***** Given records *****

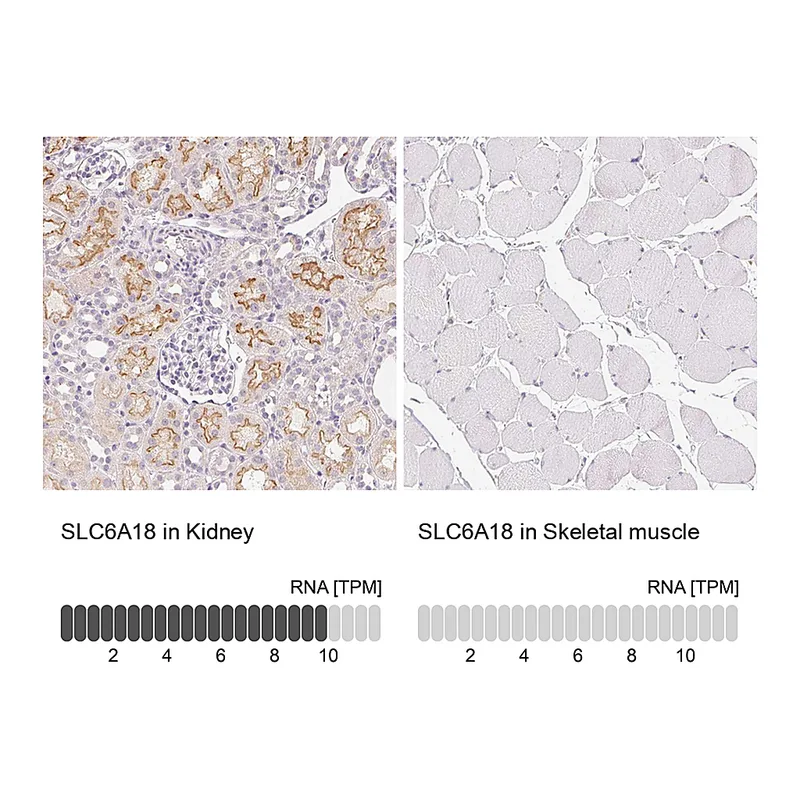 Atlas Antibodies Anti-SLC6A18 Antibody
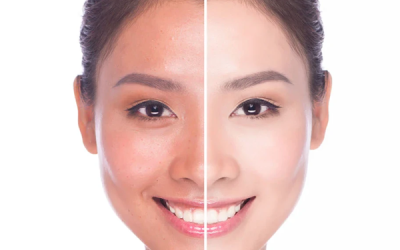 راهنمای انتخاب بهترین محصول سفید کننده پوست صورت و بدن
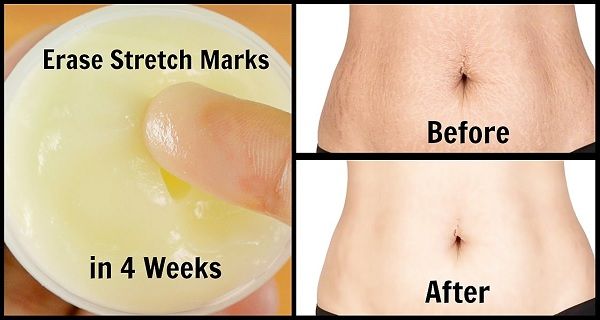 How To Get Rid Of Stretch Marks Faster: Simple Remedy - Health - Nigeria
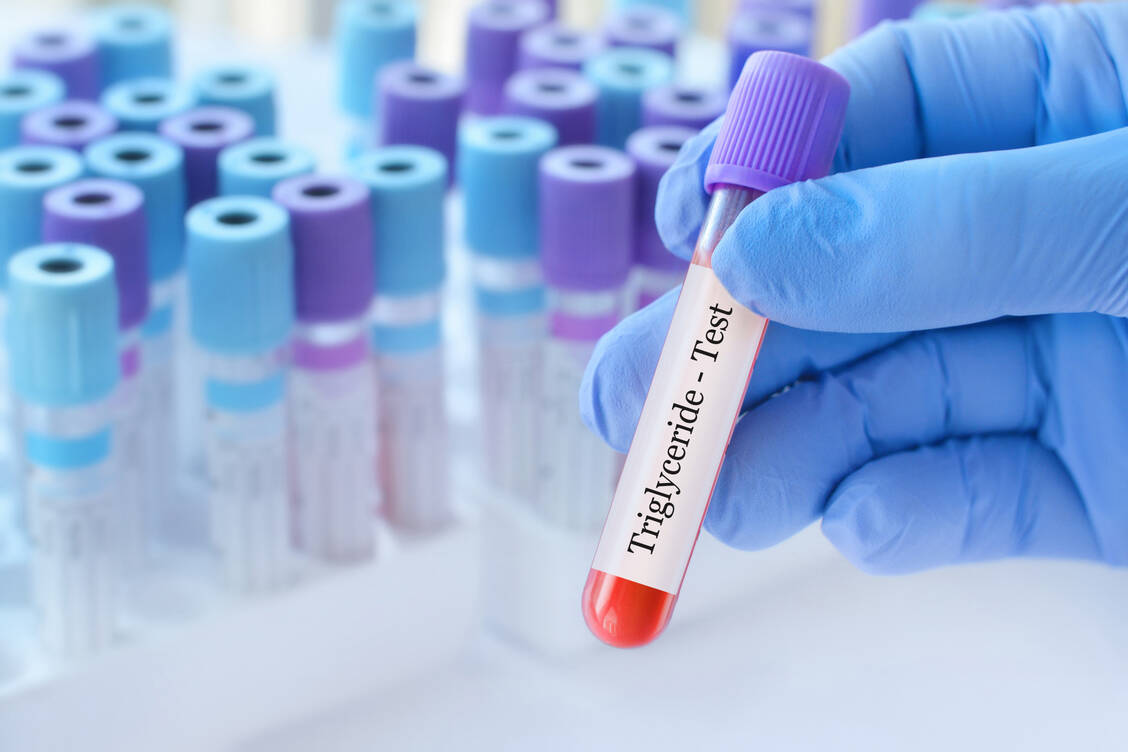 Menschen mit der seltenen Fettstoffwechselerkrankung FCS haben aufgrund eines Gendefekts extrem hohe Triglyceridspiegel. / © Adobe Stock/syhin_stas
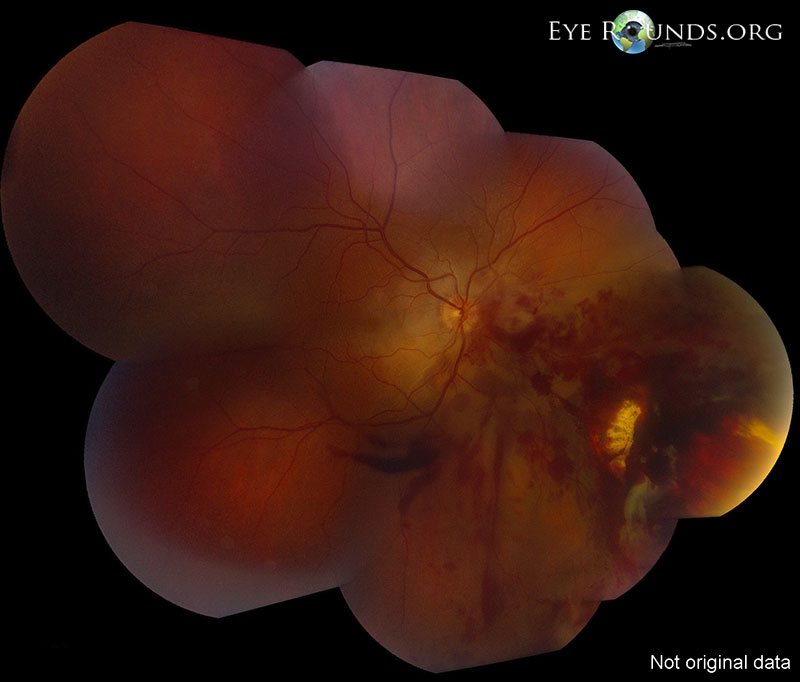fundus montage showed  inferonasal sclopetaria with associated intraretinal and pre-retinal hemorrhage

*****

_Instructions for the task_
Give back the data verbatim. The pictures are not part of the copy.

_Written solution_
 Atlas Antibodies Anti-SLC6A18 Antibody
 راهنمای انتخاب بهترین محصول سفید کننده پوست صورت و بدن
 How To Get Rid Of Stretch Marks Faster: Simple Remedy - Health - Nigeria
 Menschen mit der seltenen Fettstoffwechselerkrankung FCS haben aufgrund eines Gendefekts extrem hohe Triglyceridspiegel. / © Adobe Stock/syhin_stas
fundus montage showed  inferonasal sclopetaria with associated intraretinal and pre-retinal hemorrhage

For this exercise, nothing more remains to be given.